Lawyers for the subpostmasters called upon chair Sir Wyn Williams to adjourn the inquiry until all relevant paperwork had been made available.
In his argument, Sam Stein QC explained that “to go ahead now is to allow the PO yet again to dictate the pace and content of disclosure”.
Edward Henry QC went on to describe the PO as a “malevolent animal” and accused it of showing “contempt for the process”.
“I’m afraid I can’t use the analogy of a puppy because, of course, the PO is a far more sinister and, I regret to submit, malevolent animal, but you have to train an unruly participant and the only way you can train it is by actually no acceding to its continuing contempt for the process,” he said.
“It has demonstrated time and time again that it cannot be replied upon or trusted to comply with court orders. Once more, it has demonstrated that it is unwilling or unable to meet deadlines which have been set and it is utterly incorrigible.”
Henry admitted adjourning the inquiry would mean momentum is lost, but that it would allow parties to regroup and “attack this subject with even greater momentum and confidence, knowing that a marker has not simply been laid down but imposed upon an institution which seems incapable of acting fairly towards those it had maimed and marred”.
However, Kate Gallafent KC, for the PO, denied the claims and stated approximately 95,000 documents had been submitted to the inquiry.
“The disclosure of those documents was made as soon as reasonably could have been, having regard to the nature of the exercise being undertaken, and there was certainly no intention to delay their disclosure,” she said.
“There was equally no intention to obfuscate attempts by the inquiry to obtain those documents.
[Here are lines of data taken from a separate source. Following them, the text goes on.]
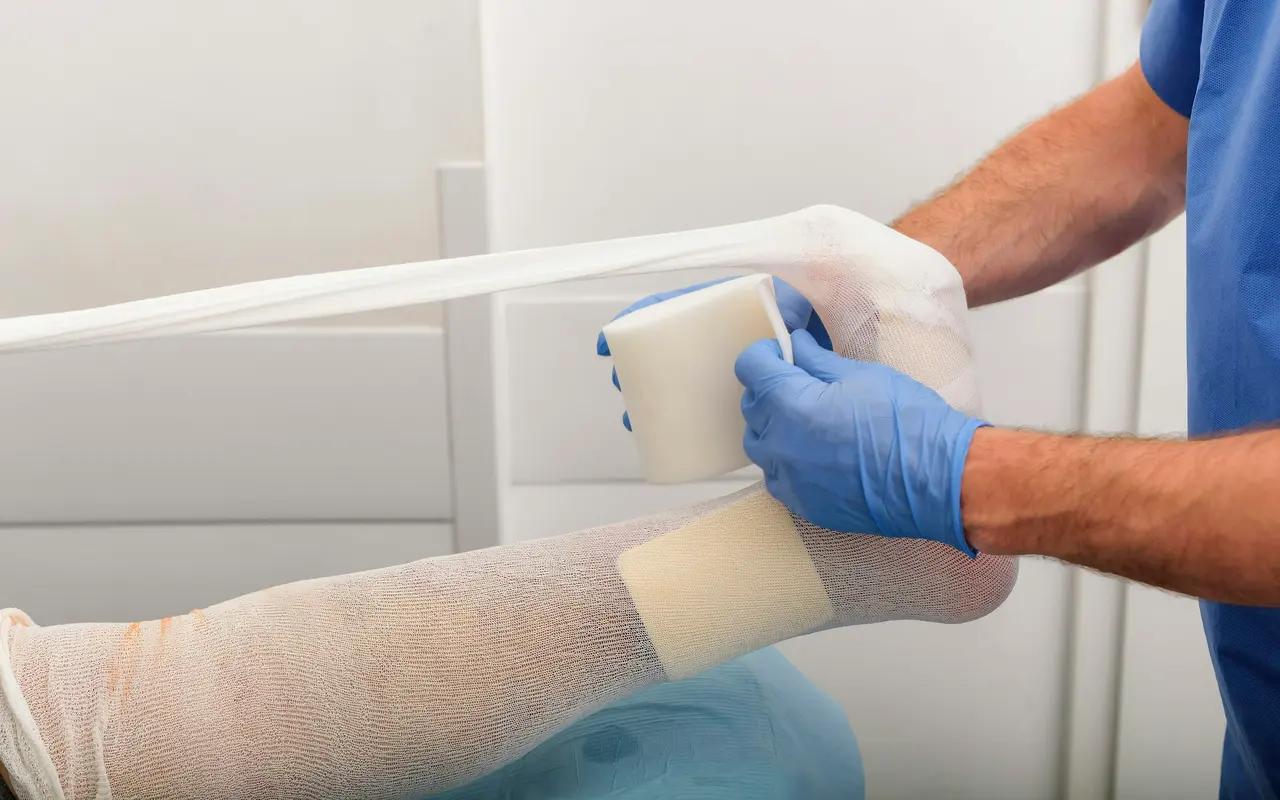 Gloved hands applying a foam dressing and tubular bandage to a leg
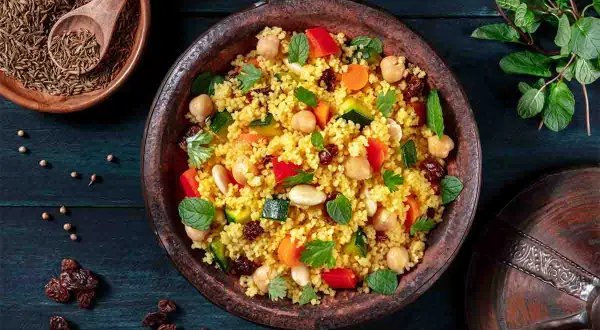 Un piatto colorato di cous cous, con ceci, verdure e uvetta, che evoca le sue antiche origini.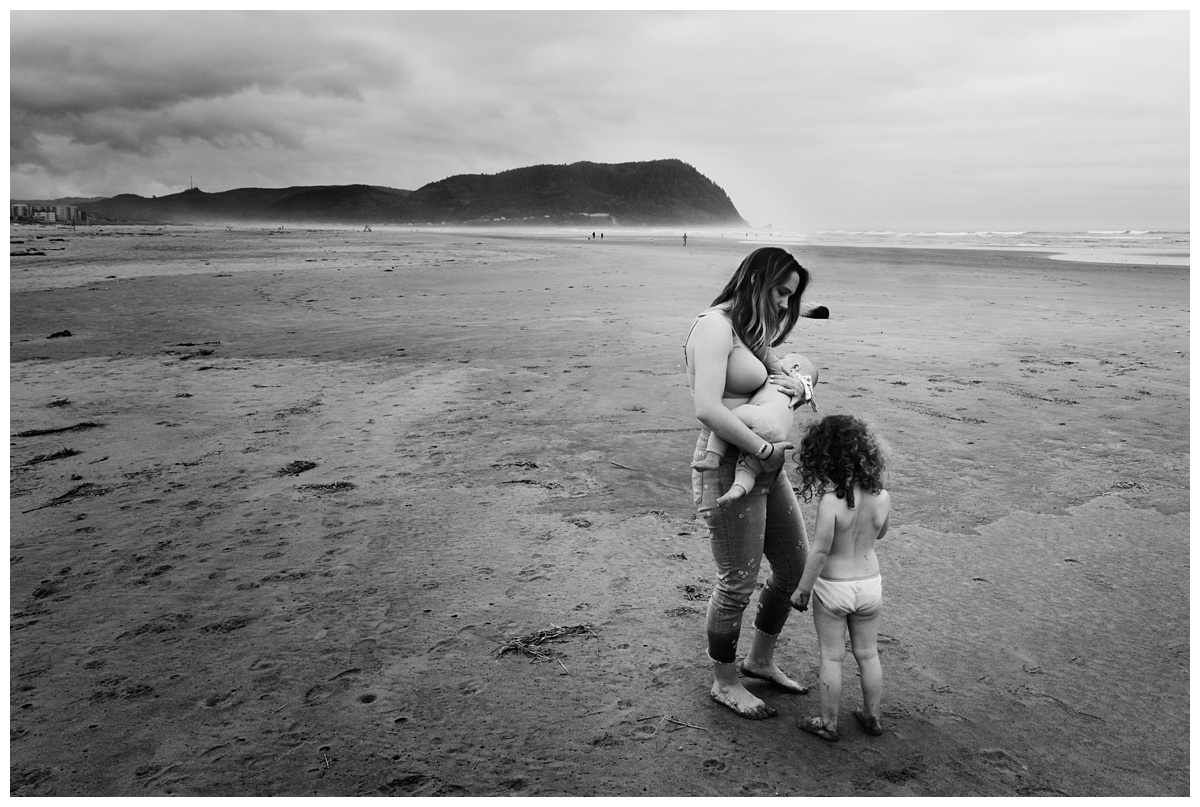 Columbus Lifestyle Travel Photographer mother breast feeds baby with young daughter nearby on beach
On the contrary, in correspondence, PO set out in detail the steps that it was taking in order to review potentially relevant documents so that it could make disclosure of any such documents to the inquiry.”
Sir Wyn Williams concluded he would not adjourn the inquiry, and “it is no surprise that sometimes there are glitches in relation to disclosure”.
But he stressed: “I wish to make it clear, that if I reach a conclusion at anytime that there is either accidental, or even worse, deliberate non-disclosure of relevant documents, I will use all the extensive powers at my disposal to obtain the documents which have not been disclosed. Proper disclosure is crucial to the success of this inquiry.”